I'm still in the beginning stages of R but I've gotten a few functions down and now I'm looking for my final "project."

I've created a function that takes each of my four sources of data (different populations) and creates histograms, performs kolmogorov-smirnov tests, and then graphs any significant results for a given row. What I want to do is turn it into an apply function. However, the issue is that my function takes four variables, and I don't know a way to make apply take four sources of data.
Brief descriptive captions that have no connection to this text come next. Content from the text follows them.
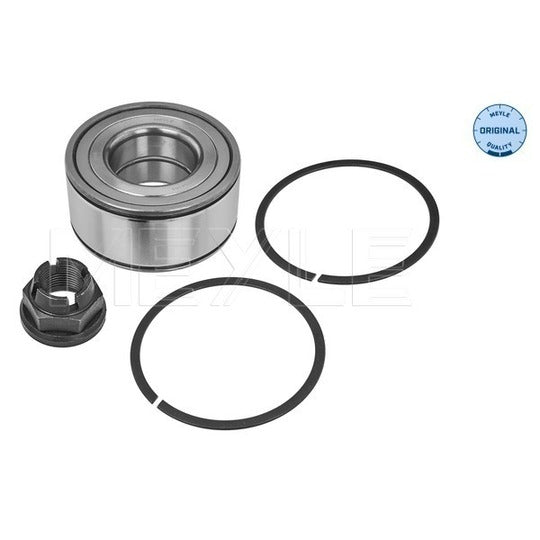 16-14 650 0025 Wheel Bearing Kit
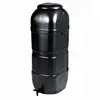 Nature Tonneau d'eau 100 L Noir 403756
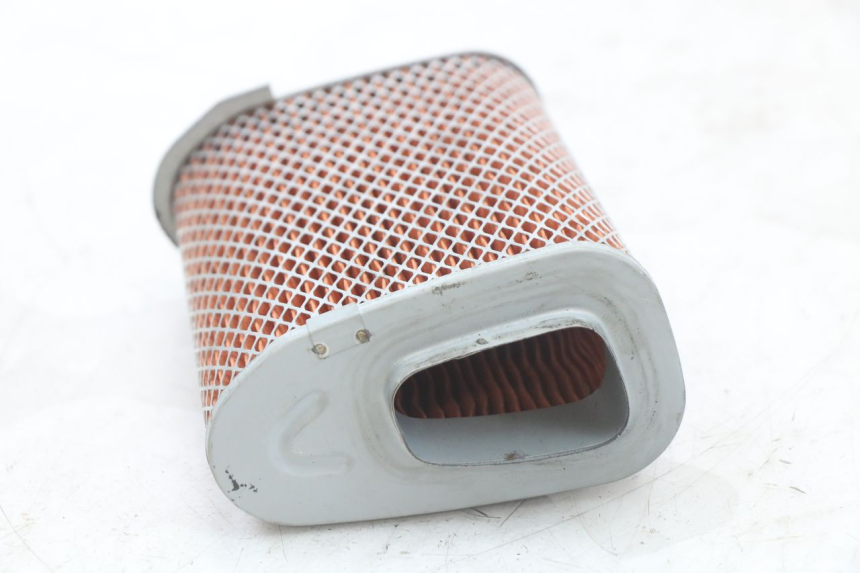 photo de FILTRO AIRE HONDA CBR F 1000 (1993 - 1996) - Estado de la superficie y material
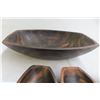 Image 3 : 11-Piece Salad Set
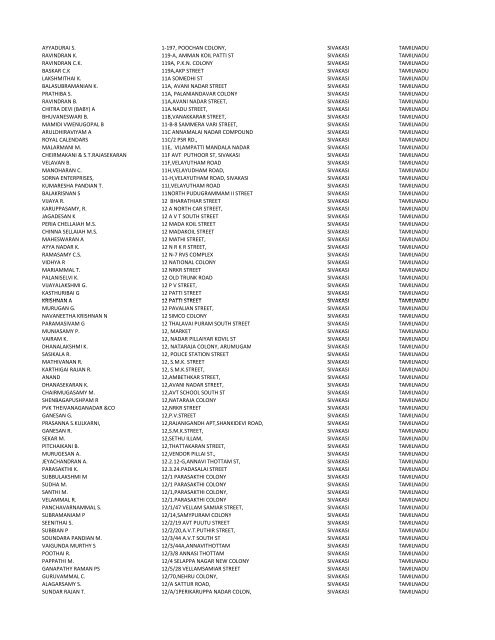 New Microsoft Office Excel Worksheet.xlsx - Tmb.in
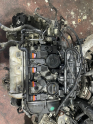 1.8 TFİ BZB Passat Çıkma Motor Volkswagen VOSSAN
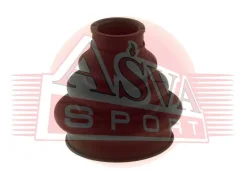 ������� �����, �������� ��� ������ ��� BMW 5, BMW 3, BMW Z4 Asva ASBT-E39 ����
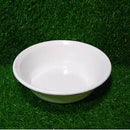 Basin Dynaware White 728 White 11"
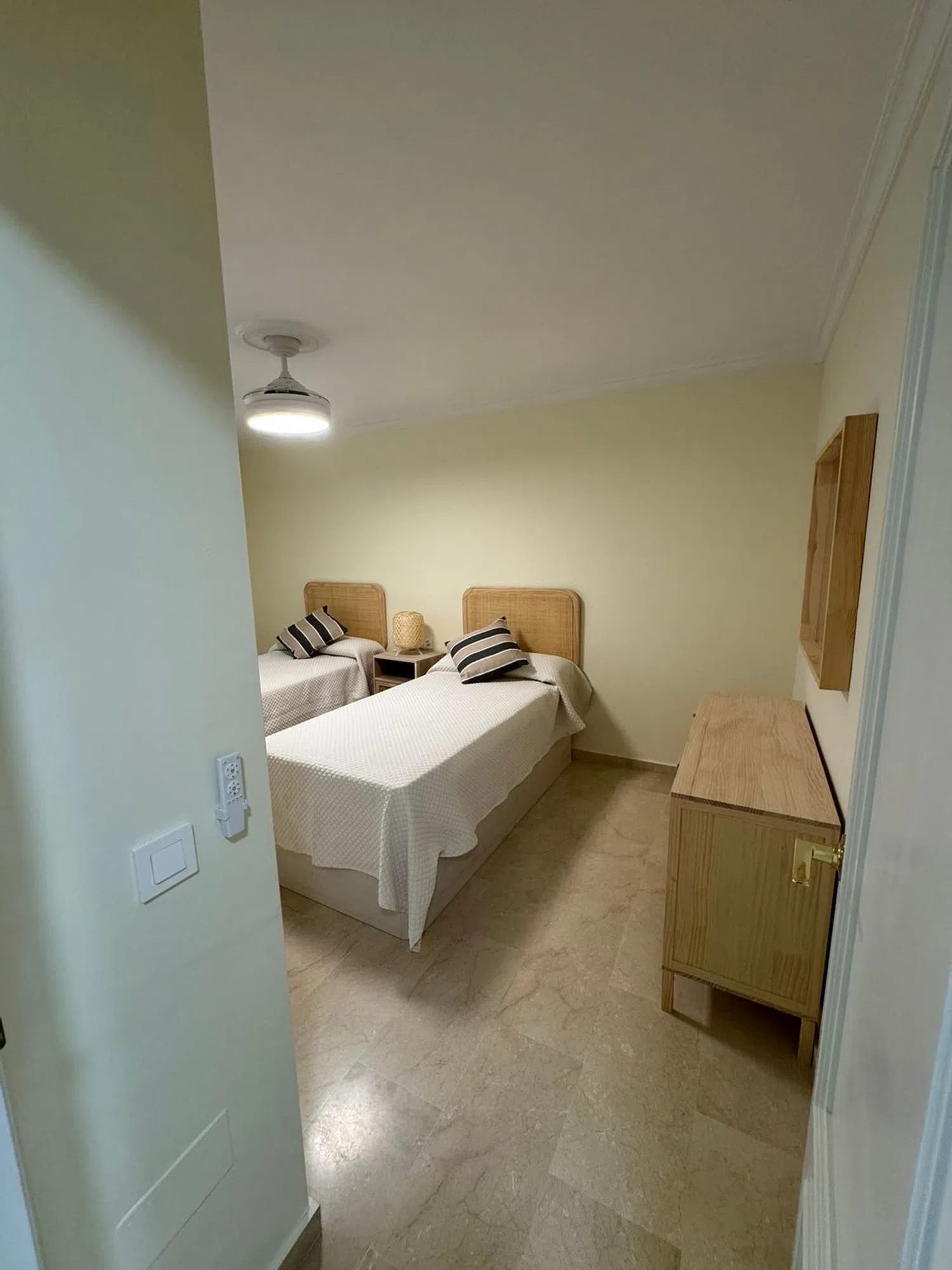 Dúplex en paseo de Sancha, 16 - Foto 21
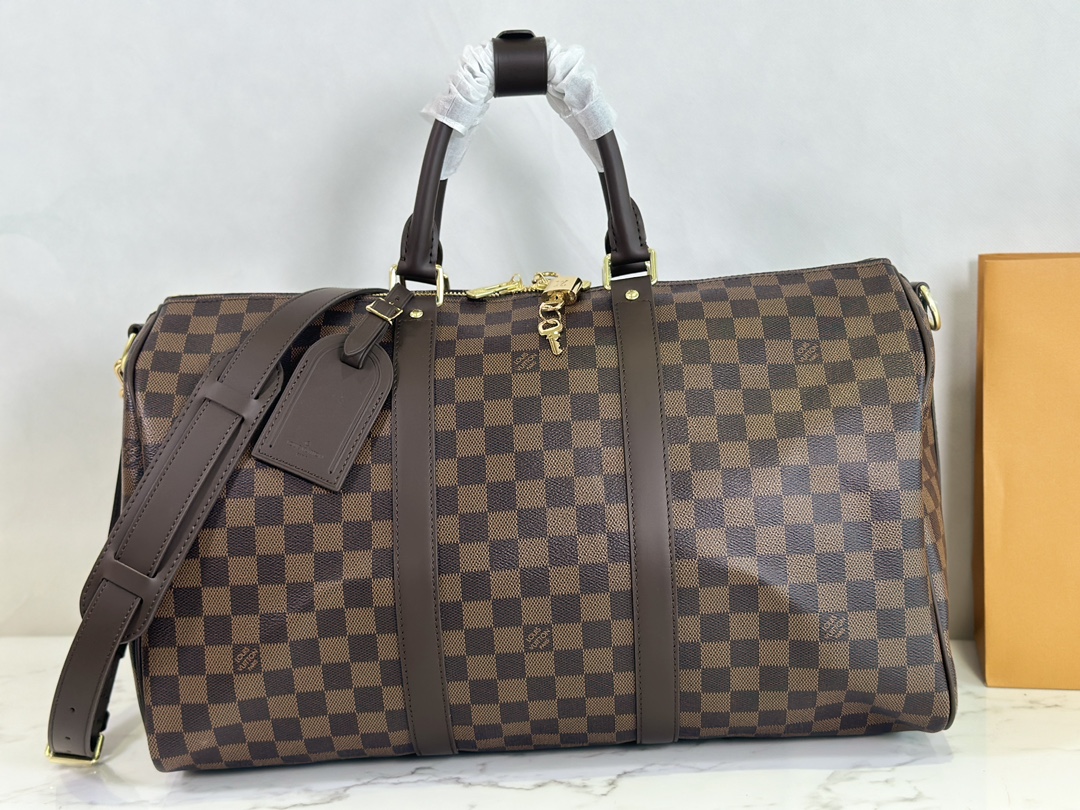 l0*is V*t0n keepall 45-m41416-45*27*20cm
hist_fx <- function(w,x,y,z) {
  hist(w,prob=TRUE,col="green",xlim=c(-1,1),ylim=c(0,3))
    lines(density(w),col="red")
    abline(v=c(mean(w)),col="red")

  hist(x,prob=TRUE,col="blue",xlim=c(-1,1),ylim=c(0,3))
    lines(density(x),col="red")
    abline(v=c(mean(x)),col="red")


  hist(y,prob=TRUE,col="yellow",xlim=c(-1,1),ylim=c(0,3))
    lines(density(y),col="red")
    abline(v=c(mean(y)),col="red")


  hist(z,prob=TRUE,col="purple",xlim=c(-1,1),ylim=c(0,3))
    lines(density(z),col="red")
    abline(v=c(mean(z)),col="red")

  all <- c(w,x,y,z)
    hist(all,prob=TRUE,xlim=c(-1,0.5),ylim=c(0,3))
    lines(density(w),col="purple")
    lines(density(x),col="red")
    lines(density(y),col="blue")
    lines(density(z),col="green")

  plot(ecdf(w),col="green")
  plot(ecdf(x),col="blue",add=TRUE)
  plot(ecdf(y),col="red",add=TRUE)
  plot(ecdf(z),col="purple",add=TRUE)

  t1 <- ks.test(w,x)
    print(t1)
  t2 <- ks.test(w,y)
    print(t2)
  t3 <- ks.test(w,z)
    print(t3)

  if(t1$p.value < 0.05) {
        plot(ecdf(w),col="green")
        plot(ecdf(x),col="blue",add=TRUE)
    }
  if(t2p.value < 0.05) {
        plot(ecdf(w),col="green")
        plot(ecdf(y),col="red",add=TRUE)
    }
  if(t3$p.value < 0.05) {
        plot(ecdf(w),col="green")
        plot(ecdf(z),col="purple",add=TRUE)
    }
}

I'm able to use this function with apply for one population at a time (i.e. turn hist_fx into a function of one variable). However, I can't find a way to make this work for all four populations at the same time. I've messed around with some for loops, though they haven't been successful as of yet.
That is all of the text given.